You know that moment a child blurts out, “When I grow older than you, …”
And everybody laughs. Because you know that isn’t possible.
Well, it happened.
I am now older than my mom ever was. Actually, a few years older.
It’s a strange feeling.
Everyone always said she died young. I know it even more now.
But what she did with the time she was given was huge—an incredible woman, mother, wife, teacher, Christian…You can read more about her in my post, Calling Her Blessed.
No, she wasn’t perfect. I talk about that in that post, too.
Yet she made an impact on everyone around her. At her funeral, the receiving line went out the door and around the block. Person after person tearfully clasping my hands, telling me what she meant to them. The memory is bittersweet.
She wasn’t old. But she was wise.
So what am I doing with the days I’ve been given? Especially when they are more than hers.
The question came again this past week when I opened Facebook. An acquaintance of mine passed away. I didn’t know her well. In fact, I only met her once. Took a workshop with her. Sat down with her for fifteen minutes to talk about my novel.
But in those few moments, it was clear. She was kind, generous, a gentle spirit even while giving excellent suggestions. As I read her obituary and the comments of others, I saw similar thoughts again and again. She touched many.
I imagine when I die, there will be many jokes about Diet Coke, my burning the candle at both ends (and sometimes in the middle), and the way words often come out of my mouth wrong. (You can read about those here. Because, no, Elizabeth. Cucumbers do NOT become butterflies. *sigh*)
But I hope when I have lived my last moment here on earth, those aren’t the only stories told.
I want my life to count.
I want to live in such a way that I make a difference in those around me, even if I just meet them once.
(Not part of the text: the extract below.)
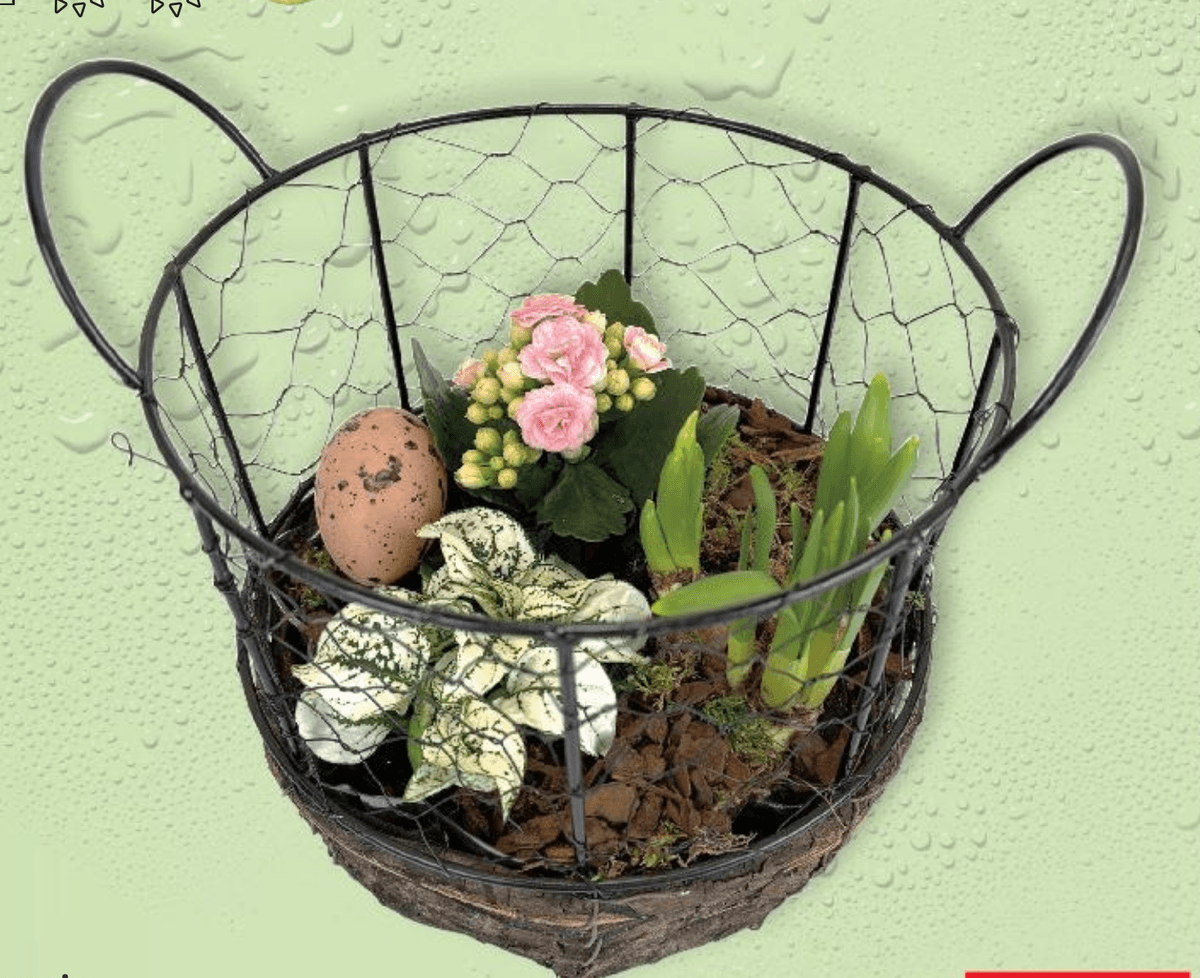 Biljke mix komad - Akcija u trgovini Kaufland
That I remind them of hope and peace and joy. That I shine Christ’s light. His salvation. But also that I’m real with them. That they know I’m not fake. That I truly love them with His love. And still cry like He did at the tomb. And in the garden.
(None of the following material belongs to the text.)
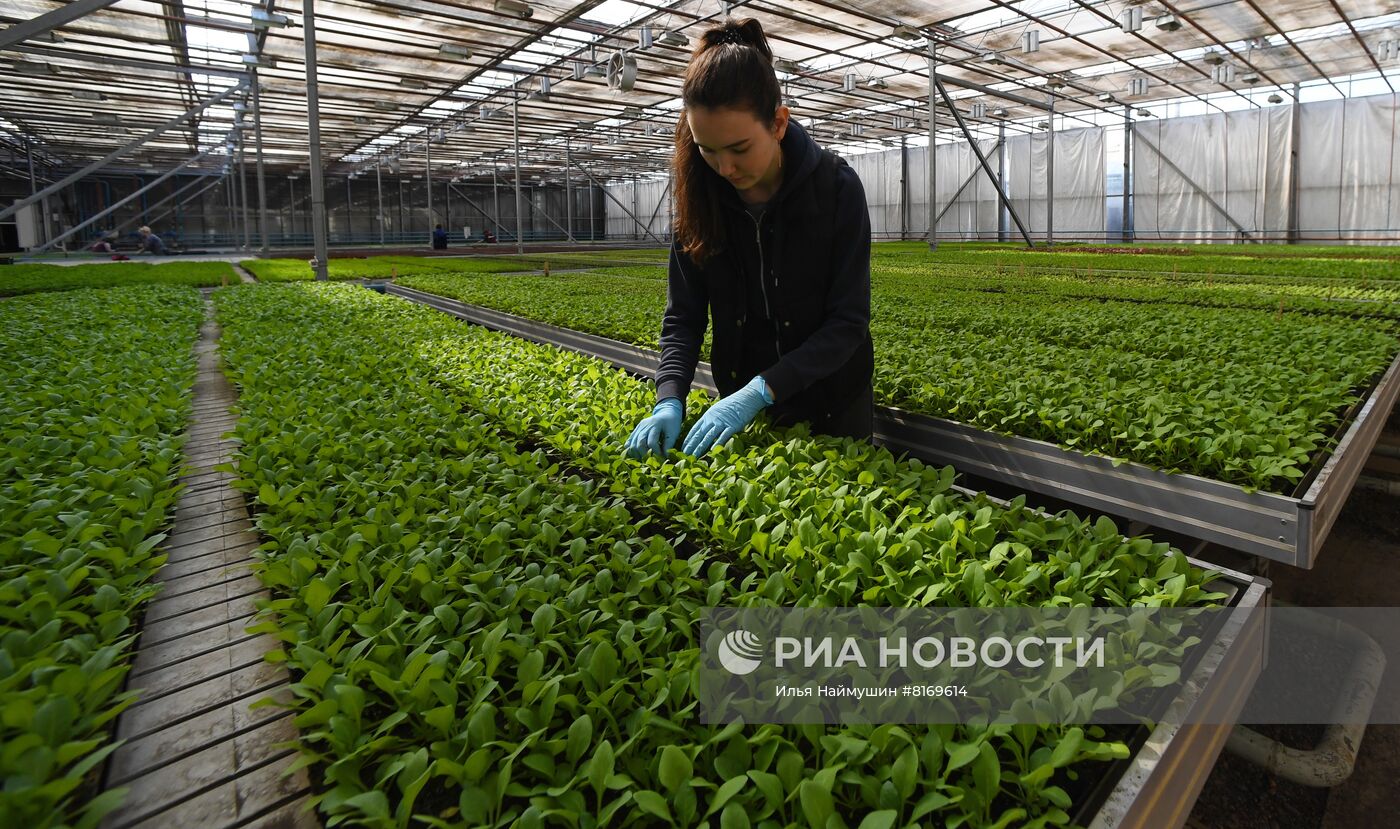 Тепличное хозяйство в Красноярске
I want my anger to be righteous, not selfish. My sorrow to be holy, not self-pity. My joy to flow from Him, not things. And my compassion to be understanding—as a fellow sinner—made in the image of God—bought with a price.
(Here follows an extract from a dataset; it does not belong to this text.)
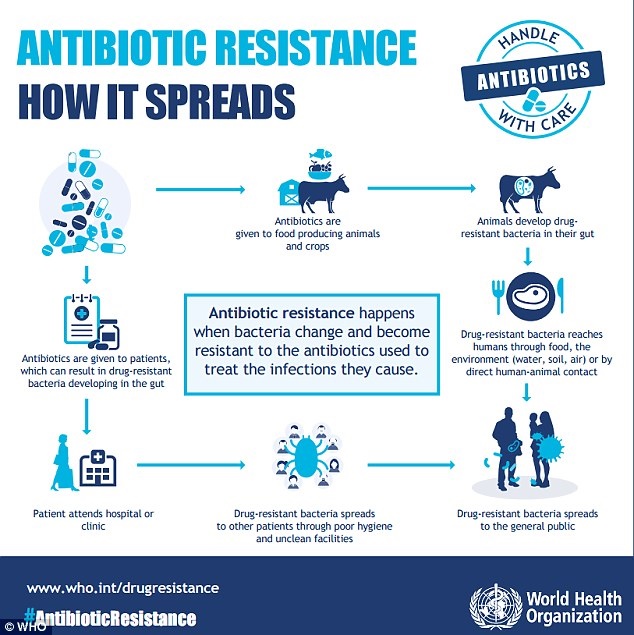 antibiotic resistance south africa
I want my words to help others live daily for Him. To know—as He has shown me—that they are truly loved by Him as they are, but that they can be changed daily by His grace to look more like Him.
I don’t want to waste the time He’s given me. scrolling. gossiping. whining.
Instead, at the end of the day—both THIS day and my LAST day—I want to know I lived it for Him and the Word He has put in my hands. I don’t want to thrash against the walls of the room He’s put me in. But I also don’t want to be afraid of the doors He’s opened.
Because, in the end, I don’t want my life to be about me, but about Him. Only then will I have truly lived.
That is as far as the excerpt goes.